Creo que los chicos de ahora son mucho más libres de lo que éramos nosotros. Y el sexo es una parte muy importante. No tienen muchas de nuestras limitaciones. En el fondo, las pulsiones son las mismas, la adolescencia es una edad para explorar y para vivir de forma extrema, es una edad en la que no estás contento con el mundo. El adolescente tiene las emociones de un adulto, pero el razonamiento de un niño. Eres una persona explosiva, eres una bomba de tiempo, y eso los hace tremendamente extremos en sus reacciones. Nosotros vivíamos todo eso, encerrados en una olla a presión. Y eso te volvía más violento. Ahora los chicos cometerán errores parecidos, pero el hecho de tener más libertad los hace menos desesperados. Pueden hablar con mayor naturalidad sobre temas que, para nosotros, eran muy difíciles.
—Y con menos culpa...
Culpa ya no creo que tenga casi nadie. ¡Fuimos la última generación que se sintió culpable!
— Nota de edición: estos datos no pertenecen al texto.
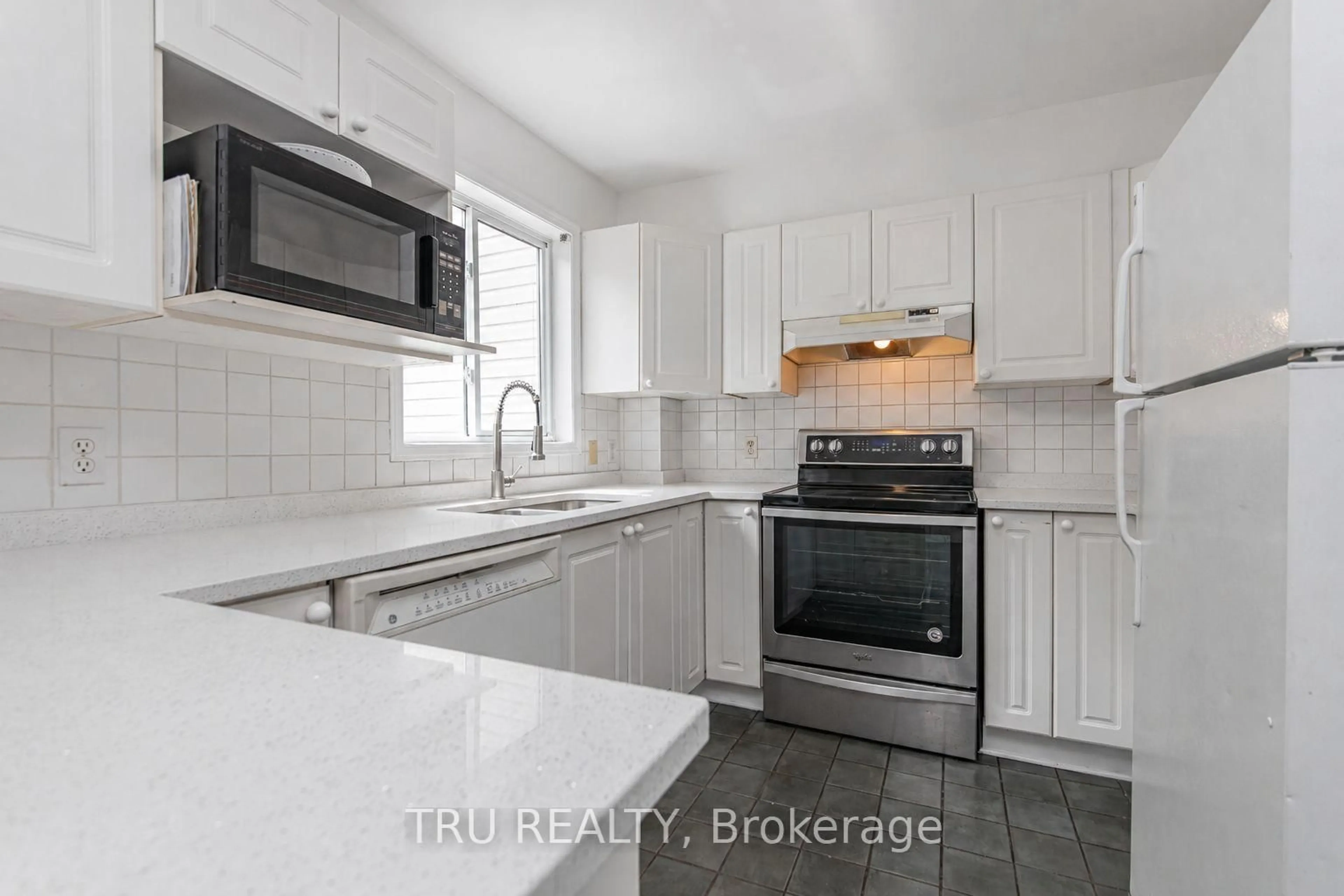 Standard kitchen, unknown for 135 Margrave Ave, Ottawa Ontario K1T 3X8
—En tu obra siempre hubo referencias al cine y a la televisión, pero aquí los medios parecen funcionar como escuela de la violencia. ¿Lo son?
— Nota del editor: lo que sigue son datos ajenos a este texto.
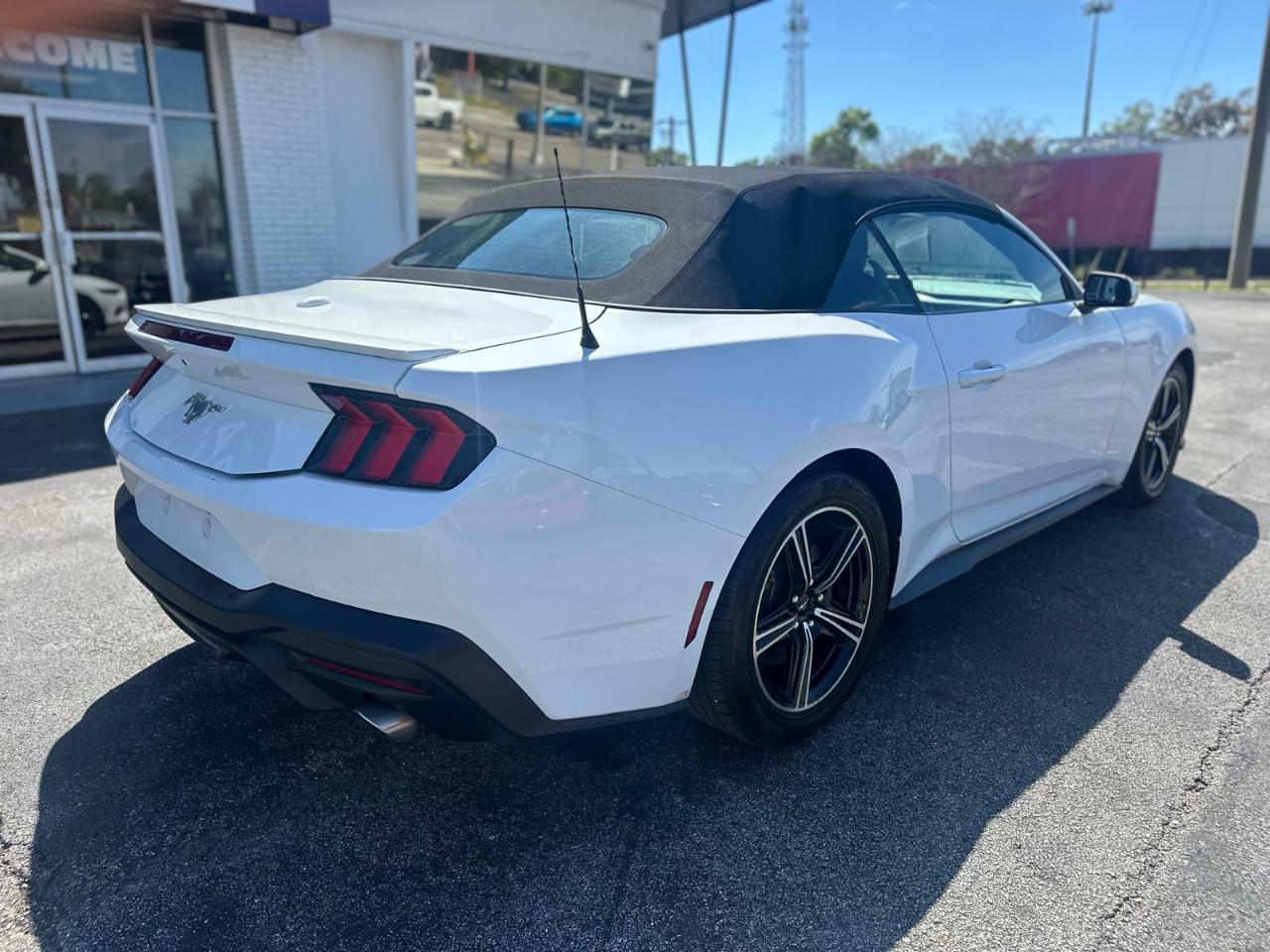 Ford Mustang EcoBoost Premium Convertible 2024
Lo eran y lo siguen siendo. Nunca he entendido muy bien porqué en la televisión hay una gran manía con censurar el sexo y nunca la violencia. En la ficción y en la realidad, en los noticieros y las películas, vemos bombas, tiroteos, golpes de kung fu y siempre nos ha parecido normal. Para alguien que creció en el Perú de los 80, a la violencia de la ficción había que sumar una extraordinaria violencia real. Y eso es lo que mis personajes consideran normal y quieren imitar.
—Cuando escribes una novela sobre violencia política, siempre dices que no volverás a hacerlo. ¿Sucede lo mismo con “La noche de los alfileres”?
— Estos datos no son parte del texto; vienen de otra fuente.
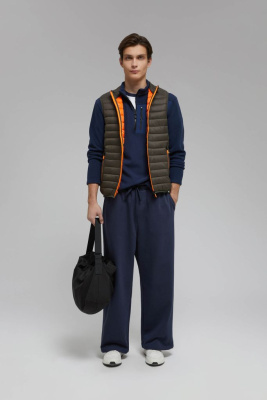 Утепленный стеганый жилет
En realidad, no creo que esta lo sea. Es extraño. Para mí, es una historia sobre la adolescencia.
—En efecto, aquí no están los protagonistas directos de la violencia, sino la gente que busca mantenerse al margen, pero termina envuelta en ella...
En libros anteriores he hablado de la violencia con militares y terroristas como personajes. Pero una de las razones por las que dejé de hacerlo y quise cambiar de tema fue la sensación de que, al tratarse de un tema muy fundamental para el país, la gente empezó a tratarme más como un político que como un narrador. Me preguntaban: ¿qué hay que hacer con la memoria? ¿Por quién debemos votar? ¿Qué piensa de la crisis financiera? Es una situación incómoda que he tratado de evitar. Precisamente, en este proceso de volver a la memoria, me di cuenta de que nunca había escrito sobre cómo habíamos vivido nosotros la violencia en nuestra adolescencia. Siento que esta es la novela que les debía a mis hijos para que sepan cómo fue mi historia.
—¿Necesitaste ser padre para escribir sobre tu adolescencia?
Ser padre y tener cuarenta años. Mis novelas siempre han sido historias inventadas, muy lejos de mí. Esta es la primera vez que tomo tanta experiencia mía. Creo que tiene mucho que ver con tener 40 años, el primer momento de tu vida en que miras hacia atrás. Antes solo ibas para adelante. Y, de repente, te das cuenta de que eres el viejo de los jóvenes y el joven de los viejos. Por primera vez miras qué camino has recorrido y hasta dónde has llegado. Eso ha entrado en este libro.